The third cluster of services was summed up in a statement by Google's CEO to financial analysts: "We are moving to a Google that knows more about you" (reported in The New York Times of 10 February 2005, and subsequently in many other places).
The foundations for this are provided by the search-terms that each user keys into the search-form, and that are stored by Google. The search-terms are associated with the IP-address from which the user accessed the search-engine. Google encourages consolidation of the data against a username, by offering Google Accounts, and 'Personalizing Services'. The username is the individual's email-address. This is convenient for both the user and Google Inc., although for different reasons.
Google's basic services therefore provide the company with substantial and potentially sensitive information about its users, which generates opportunities for substantial financial returns. But the company is making sure that there will be more, of both.
One line of development was signalled by the launch in 2004 of a gratis web-mail service dubbed GMail. This has features that differentiate it from its predecessors such as Hotmail and Yahoo. One feature is huge storage space, which enables long-term retention of messages. Another is the auto-selection of ads for display to the subscriber. The impression given by the original announcement was that the selection criteria are based on text in the message from the subscriber's correspondent, but they could easily be upgraded to also reflect the subscriber's accumulated profile.
Another relevant business line is Google's offering within a recently-emerged category of web-based services. So-called 'social networking services' (SNS) have exploded in a manner reminiscent of the halcyon days of the mid-to-late 1990s, before 'the dot.com bust'. An SNS provides space where people can establish and expand networks of human contacts. It involves participants creating profiles for themselves that are variously straightforward, creative and downright dishonest. The orientation of such services ranges from social to business, and their functions include flesh-markets for new human relationships, for new employees, for new customer-supplier relationships, and for new strategic partnerships. Google's entrant in this market is called Orkut. Information about the features of the scheme appear to be available only to subscribers.
But these are mere side-plays. The key service in this cluster is Google Desktop. Tools to provide search capabilities across the user's own storage have been available for some time. For example, Apple delivered a tool on its Macintoshes in 1998 as Sherlock, more recently as Spotlight. A Microsoft offering for the dominant Wintel workstation environments is still awaited, and third parties have been busily filling the vacuum. Google is seeking to leverage off its recognition as the dominant search-tool on the public Web to become the dominant search-tool for users' private holdings as well.
Sure enough, on 9 February 2006, when Google released Desktop version 3, it included an extended service, called Search Across Computers. To deliver that service, Google transmits copies of users' files to Google servers, and keeps them there. This is a vast amount of personal data, that is in part sensitive, and which as a whole is sensitive. And it is largely unprotected by US law.

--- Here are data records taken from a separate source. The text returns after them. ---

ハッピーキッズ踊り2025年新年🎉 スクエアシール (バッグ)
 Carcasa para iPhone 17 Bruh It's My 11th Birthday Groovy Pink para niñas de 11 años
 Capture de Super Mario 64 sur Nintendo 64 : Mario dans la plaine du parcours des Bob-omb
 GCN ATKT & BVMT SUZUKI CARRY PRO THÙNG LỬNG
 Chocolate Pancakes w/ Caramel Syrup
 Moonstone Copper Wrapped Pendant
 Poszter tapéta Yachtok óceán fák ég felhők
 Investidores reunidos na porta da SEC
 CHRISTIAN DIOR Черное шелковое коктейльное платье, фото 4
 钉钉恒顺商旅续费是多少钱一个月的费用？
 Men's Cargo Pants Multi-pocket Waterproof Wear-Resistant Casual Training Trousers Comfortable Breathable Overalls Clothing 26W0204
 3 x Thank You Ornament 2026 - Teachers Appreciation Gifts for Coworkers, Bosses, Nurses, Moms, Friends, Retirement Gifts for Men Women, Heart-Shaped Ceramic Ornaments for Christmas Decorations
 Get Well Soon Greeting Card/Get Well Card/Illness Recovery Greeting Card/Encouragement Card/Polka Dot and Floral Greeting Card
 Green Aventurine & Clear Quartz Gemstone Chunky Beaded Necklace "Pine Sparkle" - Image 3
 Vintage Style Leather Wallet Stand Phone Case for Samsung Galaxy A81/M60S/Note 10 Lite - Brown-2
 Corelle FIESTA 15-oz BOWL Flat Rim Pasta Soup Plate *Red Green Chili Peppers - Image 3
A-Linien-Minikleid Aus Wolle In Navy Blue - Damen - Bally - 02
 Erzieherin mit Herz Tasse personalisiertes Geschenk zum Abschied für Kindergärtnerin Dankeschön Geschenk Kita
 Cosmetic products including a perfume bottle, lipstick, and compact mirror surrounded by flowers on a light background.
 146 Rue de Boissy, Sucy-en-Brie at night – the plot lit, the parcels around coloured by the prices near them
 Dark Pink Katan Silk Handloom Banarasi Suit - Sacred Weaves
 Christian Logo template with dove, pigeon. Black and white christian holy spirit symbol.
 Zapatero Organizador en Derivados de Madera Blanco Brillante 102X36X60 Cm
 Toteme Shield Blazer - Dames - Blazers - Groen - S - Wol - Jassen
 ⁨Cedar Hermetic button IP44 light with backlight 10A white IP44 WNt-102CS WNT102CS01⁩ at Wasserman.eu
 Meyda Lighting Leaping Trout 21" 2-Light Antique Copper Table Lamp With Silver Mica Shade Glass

A Google executive was quoted as saying "We think this will be a very useful tool, but you will have to give up some of your privacy" (Hearn 2006). Centralised storage in Google servers may be a simple approach to providing a search-service that extends across multiple devices; but, contrary to Google Inc.'s implications, it is not necessary. As commentators quickly pointed out, the reason for it is to provide Google with control over people's devices and data. Microsoft tried a similar manoeuvre some years ago with its Passport service, and failed. Google clearly hopes that its offer will be more compelling, and that people everywhere will donate to Google every piece of data that they possess.
A further signal of Google Inc.'s intentions is its successful tender to the City of San Francisco to provide city-wide wireless access (e.g. Kopytoff 2006). The technology (understood to be Wifi, aka IEEE 802.11b/g) would enable the company to identify the user, to know the user's location within perhaps 50 metres, and hence to track the user's movements around the city. The Google service is to be available gratis, and funded through advertising. The information at the company's disposal is so rich that it can very accurately target the ads at each person's interests, and location.
These large, expanding and mutating clusters of services pose challenges to the interests of the many different categories of party that have an interest in contemporary electronic publishing. They also pose challenges to the operation of the law. This paper considers four key areas, the first being competition law.
Google dominates search-engine usage, particularly for the general public. But it is far from alone, and it does not appear to have any natural advantage that makes its market uncompetable. Most of its other lines of business, such as Earth, Orkut and Desktop, also do not have the field to themselves.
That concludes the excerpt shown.